Our Base

Posted: April 21, 2011 by Adam Hodnett in Uncategorized

We can thank Moses Asch (wiki) for the music of the 60’s and 70’s.

He started Folkways Records (wiki)(podcast) in the late 40’s, which led to the folk revival. These records taught musicians like Bob Dylan how to play. They had an office in New York where traveling, depression-era surviving musicians could sell their songs.

Moe Asch thought more like an anthropologist than a businessman.

Some libraries bought every record he made. This gave him a base. When they made more money, they made more records—they operated on tight margins. The goal was to documented culture.
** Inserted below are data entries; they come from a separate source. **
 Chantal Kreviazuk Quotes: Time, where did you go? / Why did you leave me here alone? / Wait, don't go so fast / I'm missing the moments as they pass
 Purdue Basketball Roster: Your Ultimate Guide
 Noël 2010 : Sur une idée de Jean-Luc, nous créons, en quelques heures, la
They made 2,168 records, including one from the Miramichi—home of the oldest folk festival in North America.

Journalism should be thought of in the same way. It documents our time. If we can establish a solid base, then we can take on bigger projects when funding becomes available, and always fall back if a risk doesn’t pay off.

I think we can keep an online paper alive with 3,000$ a month, which we can get from advertisements.
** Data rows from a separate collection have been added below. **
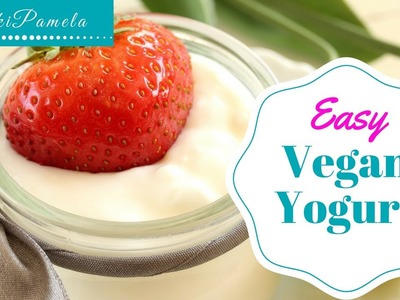 2 Ingredient, 2 Step Easy Homemade Vegan Yogurt in the Instant Pot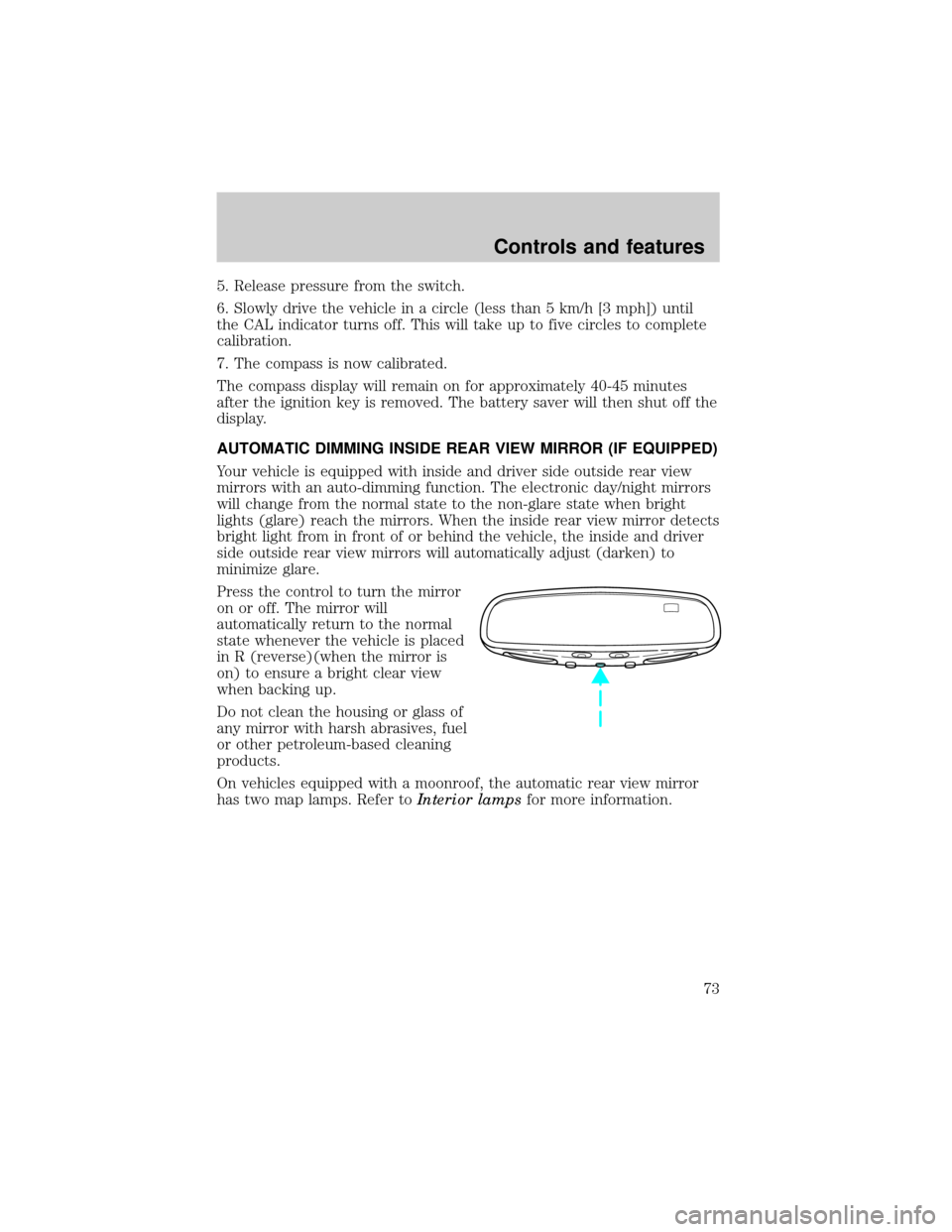 LINCOLN CONTINENTAL 1999 Manual PDF 5. Release pressure from the switch.
6. Slowly drive the vehicle in a circle (less than 5 km/h [3 mph]) until
the CAL indicator turns off. This will take up to five circles to complete
calibration.
7.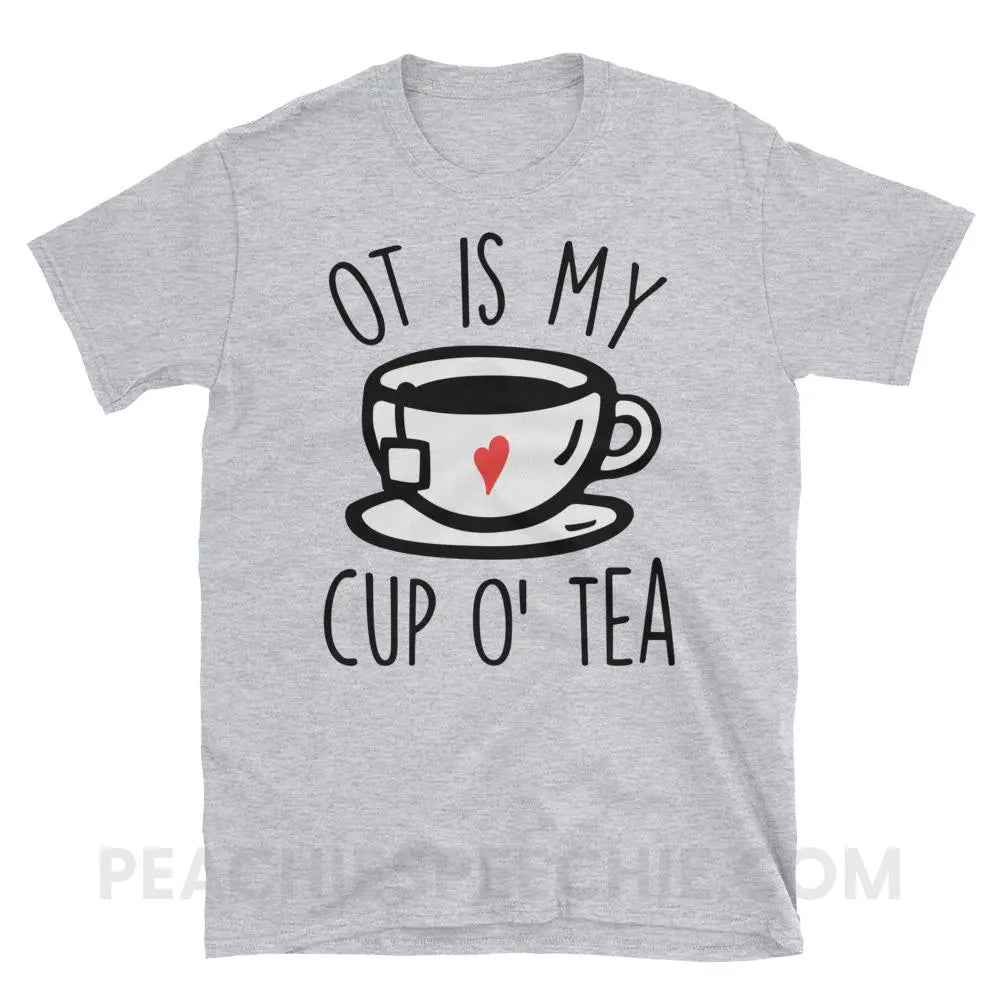 OT Is My Cup O’ Tea Classic Tee - Sport Grey / S - T-Shirts & Tops peachiespeechie.com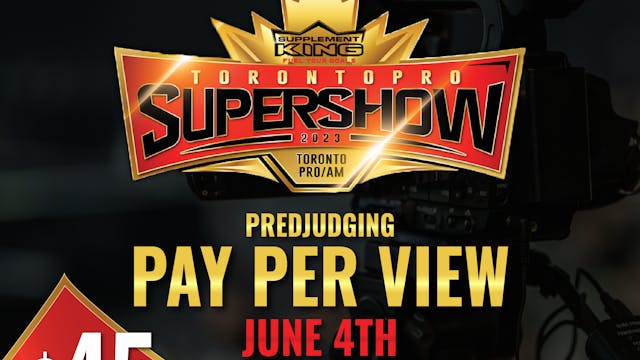 IFBB Toronto Pro Supershow - Pre-Judging - 06/04/2023, 18:37:55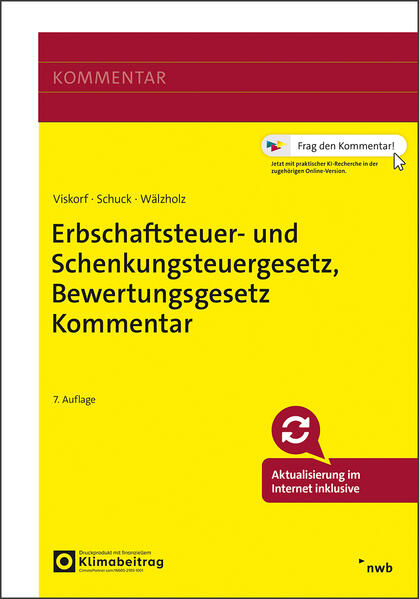Erbschaftsteuer- und Schenkungsteuergesetz Bewertungsgesetz Kommentar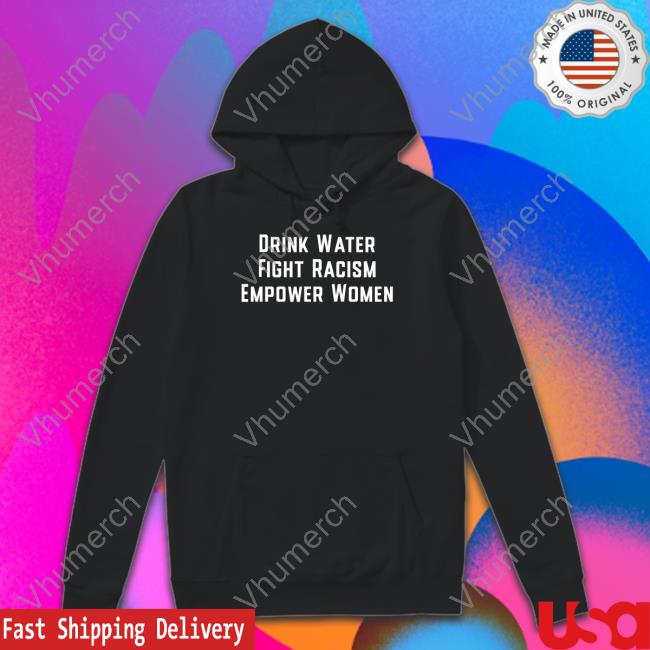 Official Drink Water Fight Racism Enpower Women Shirt, Hoodie, Sweatshirt, Tank Top And Long Sleeve Tee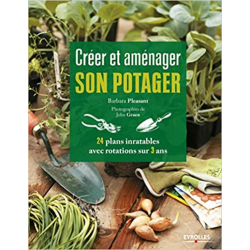 Créer et aménager son potager: 24 plans inratables avec rotations sur 3 ans. - Barbara Pleasant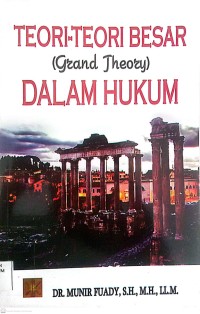 Image of Teori-Teori Besar (Grand Theory) Dalam Hukum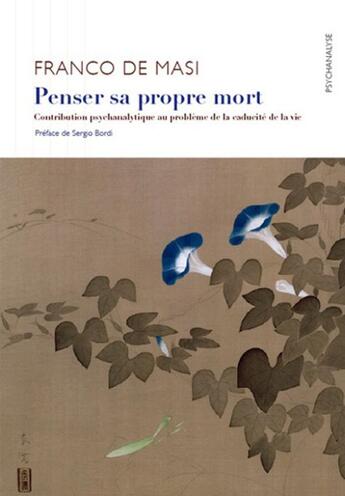 Couverture du livre « Penser sa propre mort ; contribution psychanalytique au problème de la caducité de la vie » de Franco De Masi aux éditions Ithaque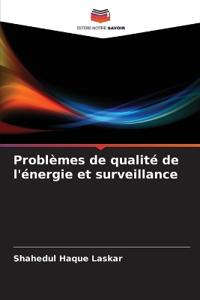 Problèmes de qualité de l'énergie et surveillance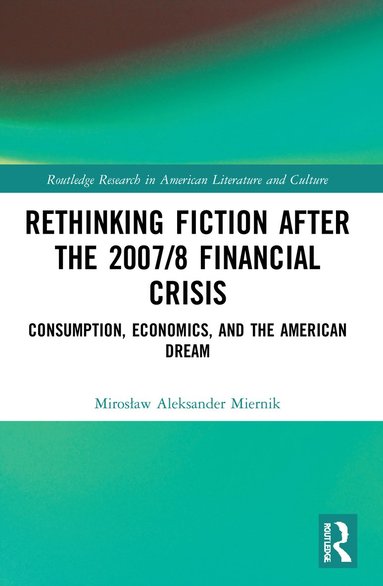 bokomslag Rethinking Fiction after the 2007/8 Financial Crisis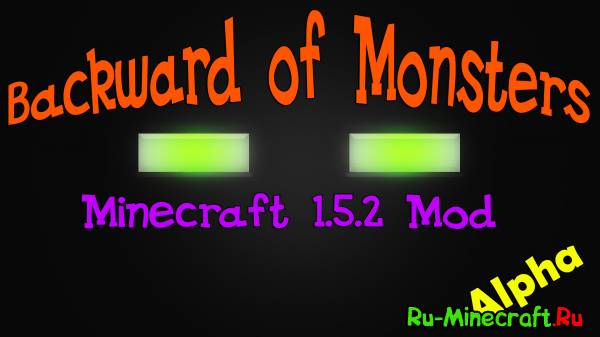 [1.5.2][Forge] Backward of Monsters -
We would treat Facebook like local radio, our website like a local paper, and our videos like local T.V specials. Certain stories would attract certain people, so we would sell different ads at different prices.

Our base would pay one full-time editor, two part-time co-editors, and freelancers.

We would need 6,500$ from kickstarter.com, and two months to establish a routine and build up our site.

This would all rely on the basics of community reporting.

People like local news—it’s important, and social media doesn’t cover it. People don’t have time to report for fun.

Covering the courts, paying attention to local decision-makers, and learning about the people around us has been the job of local papers. But in this hyper-connected, and increasingly paperless time, we’re losing our sense of geographical community.

Facebook is already solving this problem. Events and groups are creating better distribution networks than we could have imagined.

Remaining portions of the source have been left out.